This article was part of our April Fool’s special edition. While the information about the Interpol seizure is indeed factual, we made up the new detection method (EFAS). 35% of poll participants were correct in guessing that this was the article that contained false information.

This week Interpol-Europol announced its largest-ever seizure of fake foods and beverages across 57 countries over a four-month time period. In total, Operation Opson V seized 10,000 tones and 1 million liters of food products between November 2015 and February 2016, with the following topping the list:

  • Fertilizer-contaminated sugar from Khartoum, Sudan (nearly 9 tons)
  • Olives painted with copper sulphate solutions to enhance color (85+ tons)

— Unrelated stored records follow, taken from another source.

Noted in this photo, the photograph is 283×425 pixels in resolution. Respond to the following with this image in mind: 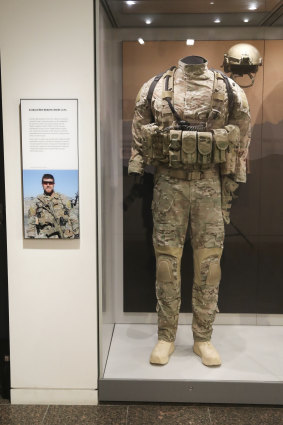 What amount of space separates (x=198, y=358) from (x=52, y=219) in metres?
1.27

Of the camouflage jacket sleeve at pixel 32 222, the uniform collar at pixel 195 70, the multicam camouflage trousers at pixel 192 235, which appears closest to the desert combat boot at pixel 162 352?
the multicam camouflage trousers at pixel 192 235

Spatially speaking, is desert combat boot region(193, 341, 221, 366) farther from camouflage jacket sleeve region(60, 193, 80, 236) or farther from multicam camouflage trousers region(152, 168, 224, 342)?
camouflage jacket sleeve region(60, 193, 80, 236)

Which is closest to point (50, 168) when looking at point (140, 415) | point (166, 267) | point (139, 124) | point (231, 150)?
point (139, 124)

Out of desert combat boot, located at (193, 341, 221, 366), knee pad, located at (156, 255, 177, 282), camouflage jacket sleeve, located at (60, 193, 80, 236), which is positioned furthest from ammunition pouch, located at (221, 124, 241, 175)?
desert combat boot, located at (193, 341, 221, 366)

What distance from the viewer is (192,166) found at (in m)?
2.77

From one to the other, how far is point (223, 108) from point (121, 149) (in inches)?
32.7

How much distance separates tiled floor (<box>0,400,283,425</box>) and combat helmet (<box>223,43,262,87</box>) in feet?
6.81

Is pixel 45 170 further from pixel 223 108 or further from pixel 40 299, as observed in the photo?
pixel 223 108

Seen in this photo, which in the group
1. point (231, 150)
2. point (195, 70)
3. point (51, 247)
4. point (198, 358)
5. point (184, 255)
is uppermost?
point (195, 70)

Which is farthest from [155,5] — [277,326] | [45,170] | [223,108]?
[277,326]

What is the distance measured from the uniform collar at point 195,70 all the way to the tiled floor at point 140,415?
1.88m

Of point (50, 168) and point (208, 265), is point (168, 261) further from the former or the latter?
point (50, 168)

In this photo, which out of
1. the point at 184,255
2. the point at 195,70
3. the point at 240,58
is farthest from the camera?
the point at 184,255

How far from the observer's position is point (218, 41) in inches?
124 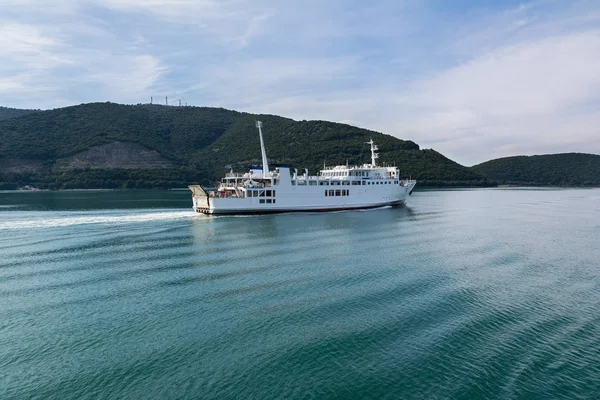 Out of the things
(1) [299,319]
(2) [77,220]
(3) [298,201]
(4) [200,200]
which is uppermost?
(4) [200,200]

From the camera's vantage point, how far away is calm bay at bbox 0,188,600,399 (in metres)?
11.0

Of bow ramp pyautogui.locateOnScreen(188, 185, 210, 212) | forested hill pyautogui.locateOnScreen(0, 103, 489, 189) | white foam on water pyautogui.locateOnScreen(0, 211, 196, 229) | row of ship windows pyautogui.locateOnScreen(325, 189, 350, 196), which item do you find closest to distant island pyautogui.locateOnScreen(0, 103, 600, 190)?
forested hill pyautogui.locateOnScreen(0, 103, 489, 189)

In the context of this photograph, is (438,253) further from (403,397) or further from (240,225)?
(240,225)

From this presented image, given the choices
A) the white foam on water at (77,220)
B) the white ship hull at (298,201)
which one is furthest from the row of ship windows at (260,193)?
the white foam on water at (77,220)

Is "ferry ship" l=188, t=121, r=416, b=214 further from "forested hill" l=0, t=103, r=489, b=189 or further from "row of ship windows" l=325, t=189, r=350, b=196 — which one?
"forested hill" l=0, t=103, r=489, b=189

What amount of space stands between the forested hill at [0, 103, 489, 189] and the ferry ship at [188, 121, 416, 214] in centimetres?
6132

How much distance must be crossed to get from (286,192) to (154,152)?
11674 centimetres

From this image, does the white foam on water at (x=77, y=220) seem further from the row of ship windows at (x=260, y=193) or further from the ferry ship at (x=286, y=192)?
the row of ship windows at (x=260, y=193)

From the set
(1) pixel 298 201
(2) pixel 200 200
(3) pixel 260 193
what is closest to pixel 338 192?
(1) pixel 298 201

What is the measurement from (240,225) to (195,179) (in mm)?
96536

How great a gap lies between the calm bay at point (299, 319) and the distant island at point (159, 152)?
97003mm

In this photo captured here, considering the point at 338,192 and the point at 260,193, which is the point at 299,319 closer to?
the point at 260,193

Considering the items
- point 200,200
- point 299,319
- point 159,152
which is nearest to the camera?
point 299,319

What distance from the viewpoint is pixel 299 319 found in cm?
1552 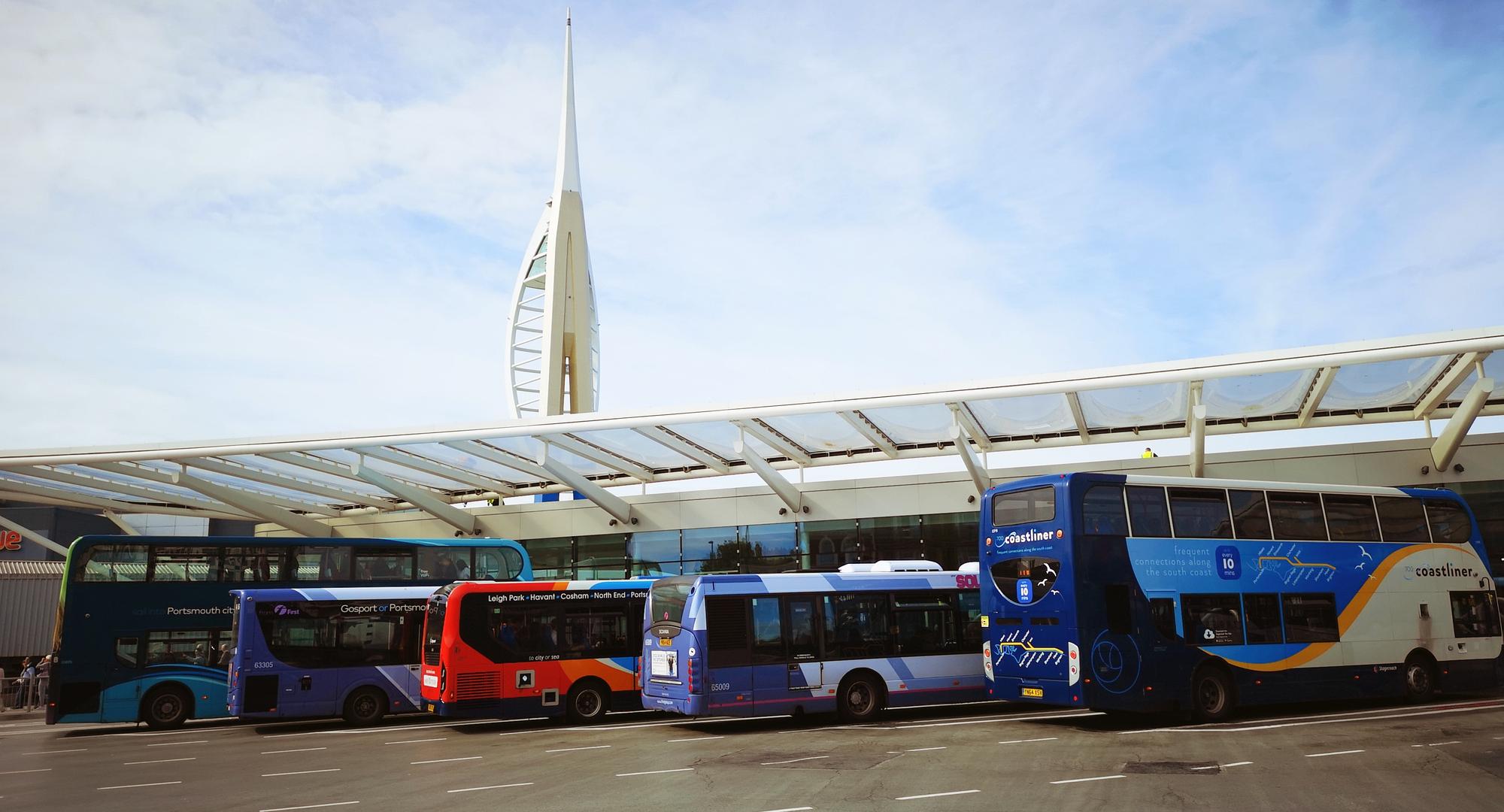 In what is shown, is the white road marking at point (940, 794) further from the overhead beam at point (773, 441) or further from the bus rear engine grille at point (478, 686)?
the overhead beam at point (773, 441)

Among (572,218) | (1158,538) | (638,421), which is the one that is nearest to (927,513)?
(638,421)

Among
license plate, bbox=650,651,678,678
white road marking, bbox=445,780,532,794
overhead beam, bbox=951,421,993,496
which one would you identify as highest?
overhead beam, bbox=951,421,993,496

“Today’s rising food prices and the global nature of the food chain offer the opportunity for criminals to sell counterfeit and substandard food in a multi-billion criminal industry which can pose serious potential health risks to unsuspecting customers. The complexity and scale of this fraud means cooperation needs to happen across borders with a multi-agency approach,” said Chris Vansteenkiste, cluster manager of the Intellectual Property Crime Team at Europol in an agency release.

Other seized products worthy of note include:

  • Chicken intestines preserved in formalin from Indonesia (70 kg)
  • Monkey meat from Belgium
  • Locusts (11 kg) and caterpillars (20 kg) from France
  • Fake whiskey from Zambia (1300 bottles)
  • Tilapia unfit for human consumption imported to Togo (24 tons)
  • Honey from Australia  (450 kg)

And for the false information:

At a recent conference for food laboratory professionals, Gavin Rosenberg, Ph.D., discussed an emerging analytical method that could be game changing in detecting adulterated products in the field. Using electrostatic fluorescence absorbance spectroscopy (EFAS), Rosenberg’s lab has been able to probe the chemical composition of products, from liquids to bulk and high-moisture foods, while simultaneously assessing concentration in products such as meat and even spices. The rapid and portable method is also highly sensitive and can provide trace detection of pathogens, dyes, antibiotics and pesticides within 60 seconds.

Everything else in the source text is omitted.